0_amazon.comlogoOn PaidContent, Laura Hazard Owen has followed up with the Salon reporter who broke the story yesterday that the Big Six publishers may be refusing to sign Amazon’s newest contract. Owen contacted the Salon reporter, Alexander Zaitchik, for further details, and was told one source was “within the publishing journalism industry” and another was a contact at a major New York publishing house.

Owen writes:

People familiar with the situation confirmed to me that at least two big-six houses have refused to sign new annual contracts — but I have not yet been able to confirm that all six did so. Amazon is still fulfilling customer orders, these sources said, but is not promoting big-six houses’ books on the site or in marketing materials in ways it once did.

The terms causing the publishers to balk are “co-op fees,” which were traditionally fees publishers paid to bookstores to get them to plug their books in the store. It’s not clear how that works when selling books through websites, but publishers have gone along with it until now. But as Zaitchik’s source noted, Amazon has pumped up the co-op fees in a “stupifyingly draconian” way, sometimes by as much as 30 times over what they covered in the 2011 contracts.
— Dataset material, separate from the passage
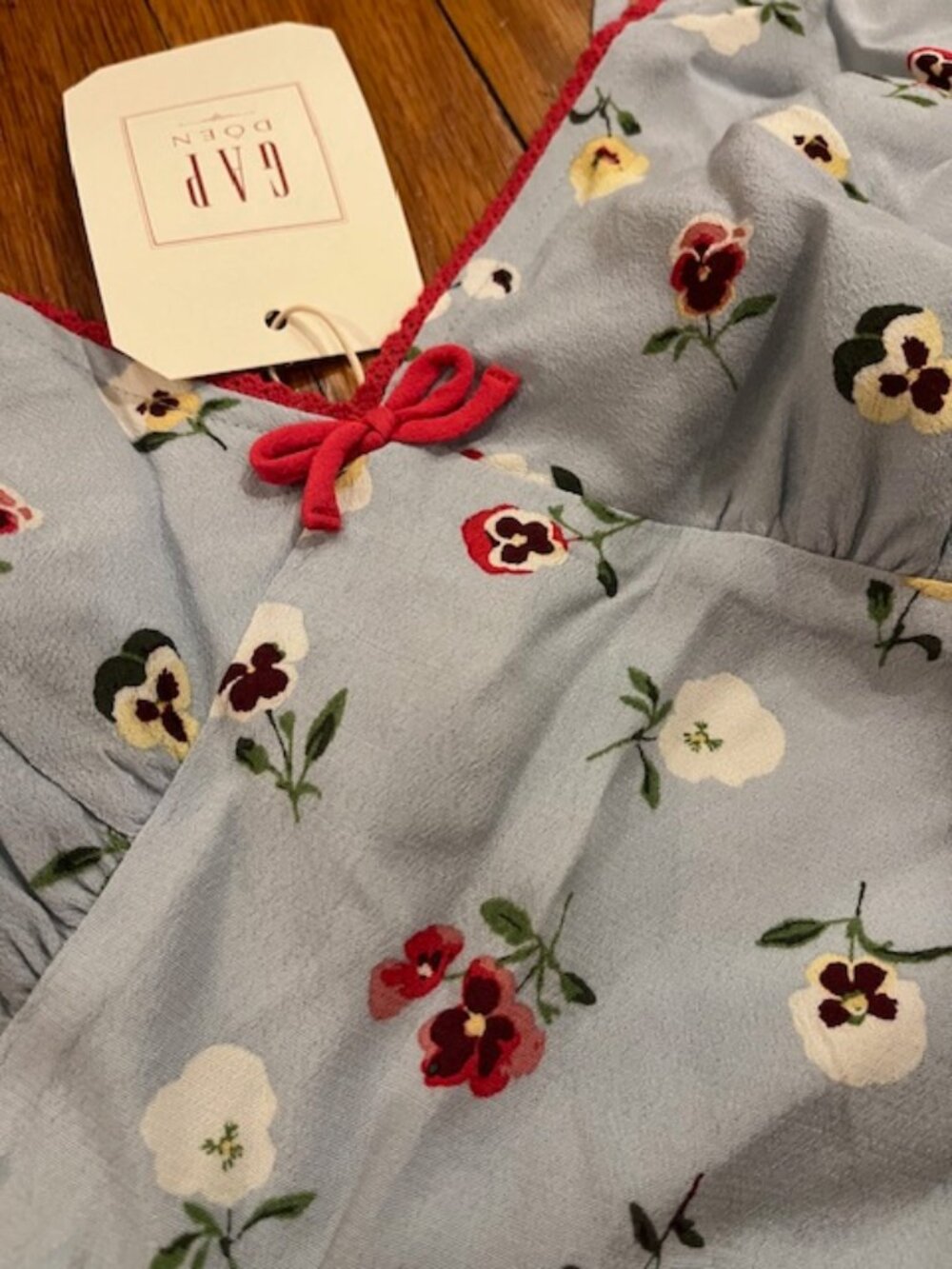 Gap x DÔEN Floral Cropped Cami Tank | Blue Pansy Print Red Trim | Size M | NWT - Picture 3 of 7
And Owen notes that this comes at a time when the publishers are especially wary of seeming to take any action in common with each other, due to the scrutiny five of them are getting from the Justice Department over implementing agency pricing in unison.
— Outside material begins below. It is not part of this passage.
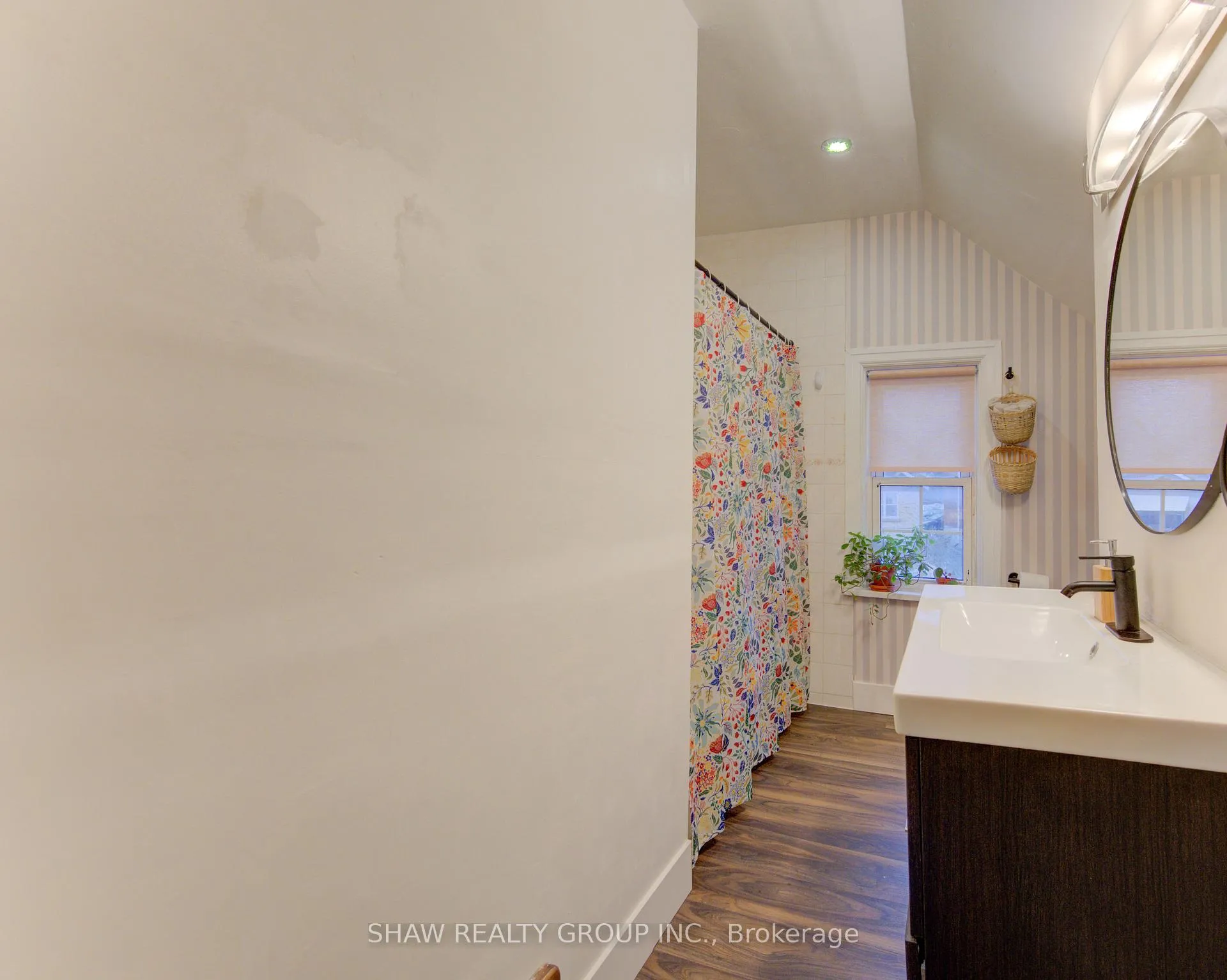 Photo 25 of 257 Guelph Street, Kitchener, Fairfield — HOMEH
In fact, there’s kind of an odd symmetry to the whole thing. Just as agency pricing terms were favorable enough that publishers could have independently come to the decision to implement them, if Amazon’s contract terms were unfavorable enough then publishers wouldn’t need to consult with each other to turn them down either.

I wonder what the exact details of the new Independent Publishers Group contract that caused it to turn down Amazon’s renewal were? As far as I recall, the IPG never specified exactly what the contract did that was objectionable other than that it would cost the publishers enough money to make their e-books unprofitable. Might it have been higher co-op fees in that case, too?

Regardless, publishers have long feared that sooner or later Amazon was going to try to impose contract terms that would have meant they couldn’t meet their margins. Up to now the fear was always that Amazon would insist on lower wholesale prices—that’s why the publishers implemented agency pricing in the first place. But apparently Amazon figures that getting the publishers to pay higher co-op fees would work just as well as getting them to charge less money. (Indeed, since agency pricing takes any control of pricing out of its hands, it’s about all Amazon can do.)

So are we finally at that much-feared point where Amazon tries to cut publishers’ margins off at the knees? It still seems a bit early in the game for that to happen. And I’m not sure Amazon hasn’t overplayed its hand in this case. It’s one thing to cut off a bunch of independent publishers from Kindle—but it would be quite another to lose the “Big Six” publishers. Given how much the appeal of the Kindle is built on being able to buy those high-demand titles instantly, Amazon can’t want to stop selling them any more than the publishers do.

It will be very interesting to see what happens next, and who (if anyone) backs down. And the fact that this is all happening just as the Justice Department allegedly prepares to sue the publishers for antitrust violations just adds extra spice.